I love manga! I like anime as well, but it's just not the same. The one exception where I really liked the anime was Death Note. I also like certain Miyazaki films such as Howl's Moving Castle, Kiki's Delivery Service, and Castle in the Sky. 

Some of the manga series I really like are 

Fruits Basket ~ my absolute favorite ^.^
Bleach
Naruto
Mixed Vegetables
Kaichou wa Maid-sama
Kuroshitsuji
D.N. Angel
Shinobi Life
Bitter Virgin
Kare First Love

I used to like Vampire Knight as well but it was starting to drive me nuts with the confusing plot and all the long footnotes... And I was getting frustrated with the direction things were going. Every once in a while I'll check to see if there are new chapters, but I only read it for Zero. I've only been reading manga for a few years though and I feel like I should check out some of the older well-known series that people seem to like.

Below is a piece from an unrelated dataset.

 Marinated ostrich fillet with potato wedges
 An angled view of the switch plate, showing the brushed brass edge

Suggestions?


----------



## Kiwizoom (Jul 7, 2012)

My favorite manga is Parasyte.
A complete well plotted finished Sci-Fi


----------



## Fienigma (Jun 10, 2012)

I mostly read psychological and gambling manga.

Liar Game
Gamble Fish
Usogui

Now, if only the mangaka would make new chapters more often.


----------



## Pucca (Jun 13, 2012)

L0ro said:


> Kaichou wa Maid-sama


I forgot that one...
Also, this one...
Ouran High School Host Club


----------



## Fool (Jul 20, 2012)

I'm a big fan of some works; was into anime years back, but it often just took too long, and fillers, flashbacks, and bad animation and voices turned me off from it.

One great thing about reading manga is that the art is _usually_ consistent or gets better (I'm looking at you, Togashi), and one can imagine the voices, speed, and play awesome music in the background.

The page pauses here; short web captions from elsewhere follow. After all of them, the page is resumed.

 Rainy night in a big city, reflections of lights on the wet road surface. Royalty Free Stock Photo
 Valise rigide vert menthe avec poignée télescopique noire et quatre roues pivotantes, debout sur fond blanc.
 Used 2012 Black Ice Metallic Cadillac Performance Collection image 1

No more Luffy taking 5 seconds to stretch out his arm and punch the villain to another island with his silly Gomu Gomu voice.


----------



## Anarcos (Jul 20, 2012)

I read many Seinen manga:

(consider that maybe the securities may be divers, the data that I read them in Italian)

Death Note, Golden Boy, Monster (I have not read much) Gantz, Caesar (of Fuyumi Soryo) Yapoo - The human cattle, Es, Buddha, Ikigami, Homunculus, Ayako.


----------



## Fool (Jul 20, 2012)

I enjoyed Death Note immensely until 
* *




died; after, it wasn't the same.

I also found Monster a fun read. Johan made Light look like an angel.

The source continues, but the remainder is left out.